Wahrscheinlich würde jede:r hier im Club Left Bank alles geben für eine Zukunft in der EU. Aber niemand aus der Techno-Community musste einen so hohen Preis zahlen wie Grigoriadis.
Wimpern gegen Titanen
„Ich war sehr einsam “, sagt er über die Zeit im georgischen Gefängnis. Drinnen bekommt er nicht viel davon mit, wie sein Fall weitere Menschen dazu inspiriert, gegen die russische Einflussnahme im Land zu kämpfen. Überall in der Stadt tauchen Graffitis mit seinen Augen und den Wimperntattoos auf.
Hier, in Tbilissi, gibt es den berühmten Spruch „We dance together, we fight together“. Zusammen tanzen, zusammen kämpfen. Er stammt aus der Zeit von 2018. Damals, als der Techno-Club Bassiani von der Polizei gestürmt wurde. Die Regierung verfolgte eine strenge Drogenpolitik und der Angriff auf das Bassiani führte zu Protesten von Tausenden Raver:innen.
Grigoriadis war damals 16 und hat die Techno-Welt gerade erst für sich entdeckt. Bei den Protesten hielt er sich noch raus. Aber die Umgebung, die Gespräche, die haben ihn politisiert – und radikalisiert. „Diese Zeit in den Clubs hat mich sehr verändert. Ich habe verschiedene Perspektiven kennengelernt. Ich habe viele andere Dinge gelernt, und wenn ich zu einer Demonstration gehe, sehe ich dort viele Leute aus den Clubs. Wir sind alle über den Club hinaus miteinander verbunden, wie eine große Familie.“ Zusammen tanzen, zusammen kämpfen.
Dieser Spruch gilt auch im Left Bank. Den Club gibt es erst seit 2020 und hier will man alles ein bisschen anders machen.
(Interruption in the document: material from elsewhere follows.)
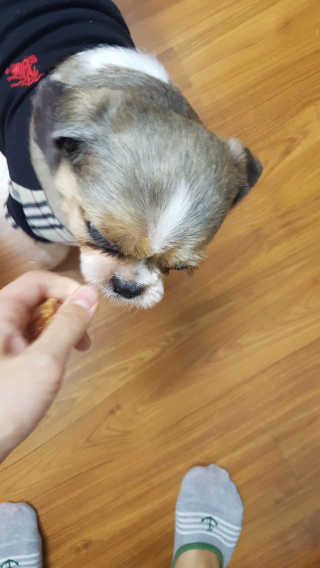 쭌쭌맘님이 올린 리뷰 사진 2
Während im Bassiani immer mehr Tourist:innen tanzen, ist das Left Bank ein Ort für die Community in Georgien. Neben den Dancefloors gibt es Bereiche, wo man sich austauschen und unterhalten kann.
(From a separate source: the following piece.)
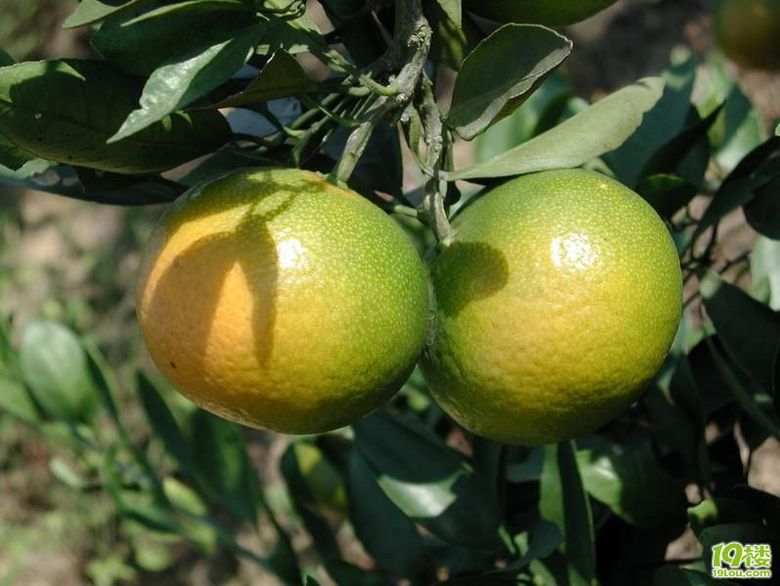 [求助]组织部门活动一日游去杭州周边哪里好-休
Das weirde Hobby des Oligarchen
Nika Khotcholava arbeitet im Left Bank und legt als Resident DJ unter den Namen Routes not Roots und Boioboinik regelmäßig auf: „Dieser Ort soll anders sein, besonders. „Wir veranstalten hier regelmäßig Liveevents. Haben sogar eine Bühne für Bands, für HipHop-Artists aus Georgien oder experimentelle Musik.“
Regelmäßig gibt es zum Beispiel Filmabende. Zuletzt wurde ein Film über die Baum-Sammel-Obssesion des georgischen Oligarchen Bidzina Ivanishvili gezeigt. Ein guter Freund von Putin und mit Abstand der reichste Mensch Georgiens. Er ist der Hauptsponsor der nationalistisch-konservativen Regierungspartei Georgischer Traum und sogar Ehrenvorsitzender. Sein weirdes Hobby: alte und seltene Bäume per Schiff in seinen Garten bringen. Hier in der Club-Community hasst ihn wahrscheinlich jede:r.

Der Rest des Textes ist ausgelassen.